You can assign integer literals to variables and then do various operations on those variables. Like “strings”, integers are immutable.

```
# assign a value to integer
>>> a = 101
# subtract 55 from a
>>> a - 55
46
# divide a by 2
>>> a /2
50.5
# get the exponent of a
>>> a ** 2
10201
```

### Precedence

What would be the output of the following?

`>>> 2 + 3 * 5`

Got 25? Unfortunately, that is wrong. This is because multiplication has higher precedence than addition. Most programming languages have the concept of “precedence”, which is set of rules about the order of operations. By default, the operations are performed from left to right but operations with higher precedence are always executed first.

For the above question, the right answer is 17 since “3 * 5” is evaluated before adding it with 2. If you really want to get an output of 25, you can make a slight modification.

`>>> ( 2 + 3 ) * 5`

The parentheses or the bracket will force “2 + 3” to be executed before multiplying with 5. Please see here for a complete reference on operator precedence.

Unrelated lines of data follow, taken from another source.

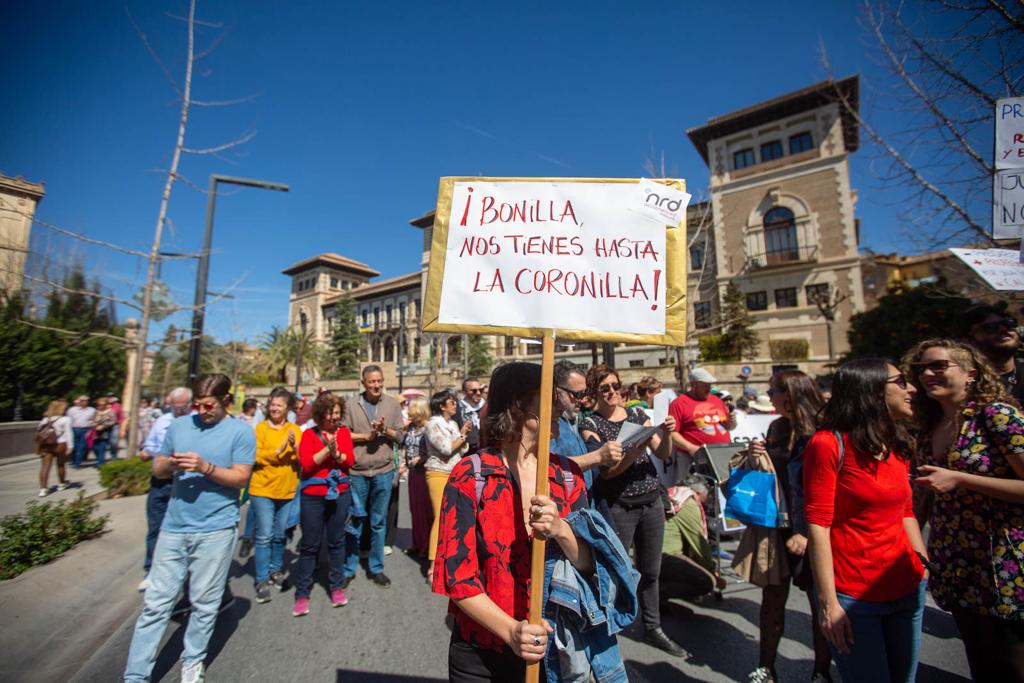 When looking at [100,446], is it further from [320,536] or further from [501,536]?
[501,536]

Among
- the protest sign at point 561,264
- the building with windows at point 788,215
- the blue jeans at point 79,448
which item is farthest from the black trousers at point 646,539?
the building with windows at point 788,215

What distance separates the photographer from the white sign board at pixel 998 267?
270 cm

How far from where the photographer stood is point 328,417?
4.75m

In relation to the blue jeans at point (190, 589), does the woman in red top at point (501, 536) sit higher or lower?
higher

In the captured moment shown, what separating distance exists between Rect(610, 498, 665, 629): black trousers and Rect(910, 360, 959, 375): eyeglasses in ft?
6.40

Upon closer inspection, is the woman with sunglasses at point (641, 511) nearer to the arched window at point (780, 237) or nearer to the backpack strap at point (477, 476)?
the backpack strap at point (477, 476)

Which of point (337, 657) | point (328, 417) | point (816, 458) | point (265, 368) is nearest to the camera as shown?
point (816, 458)

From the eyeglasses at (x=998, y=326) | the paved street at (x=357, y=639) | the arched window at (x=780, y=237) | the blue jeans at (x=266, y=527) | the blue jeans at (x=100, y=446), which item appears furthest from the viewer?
the arched window at (x=780, y=237)

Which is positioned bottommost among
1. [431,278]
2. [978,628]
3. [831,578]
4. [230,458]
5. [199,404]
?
[978,628]

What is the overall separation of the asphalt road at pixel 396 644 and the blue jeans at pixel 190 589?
0.44m

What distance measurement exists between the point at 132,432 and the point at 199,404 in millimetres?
6398

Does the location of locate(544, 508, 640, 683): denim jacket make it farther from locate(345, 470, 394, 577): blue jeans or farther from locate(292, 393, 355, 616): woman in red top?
locate(345, 470, 394, 577): blue jeans

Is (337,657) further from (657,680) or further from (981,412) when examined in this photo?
(981,412)

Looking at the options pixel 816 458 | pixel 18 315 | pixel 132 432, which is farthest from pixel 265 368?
pixel 816 458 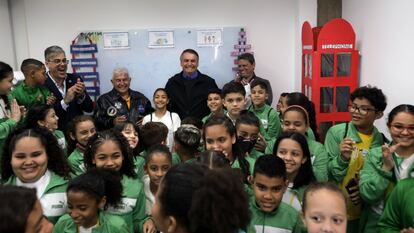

### Decimal, Binary, Octal and Hex

Integers have “base 10”, meaning there are 10 numbers (from 0 to 9) to represent any integer of “base 10”. With “base 10”, we count from 0, 1, 2, 3, 4, 5, 6, 7, 8, 9 and then we start the sequence by adding “1” on the left or 10th place. Base essentially defines how many digits you can use to represent any number. Other commonly used bases are “binary”, “octal” and “hex”.

The binary base system has only two numbers – 0 and 1. You can represent any number using these two numbers and this is the foundation of representing data in computers.

The octal (base 8) system has 8 digits – 0, 1, 2, 3, 4, 5, 6, and 7.

The hex (base 16) system has 16 digits. They are 0, 1, 2, 3, 4, 5, 6, 7, 8, 9, A, B, C, D, E, and F.

You can specify different bases using prefixes as follows:

- 0b for binary (base 2)
- 0o for octal (base 8)
- 0x for hex (base 16)

Here are some examples and please note that Python interactive interpreter will print the values in “base 10” format automatically.

```
>>> 0o10
8
>>> 0b1111
15
>>> 0xFFFF
65535
>>>
```

### Reference

See the tutorials from Khan Academy to learn more about different number systems.

### Try it yourself

- The side of a cube has a length of 10 inches. Calculate the volume of the cube using Python.
- Assume that number of views of a popular Youtube video is doubling every day. On the first day, there were 20 viewers. Calculate the number of viewers at the end of the 5th day.
- There are 20 candies and they are equally divided among 7 students. Figure out the remaining number of candies using a single Python operator.
- It takes 7 days to walk from point A to point B. Calculate the total time required in seconds using Python operators.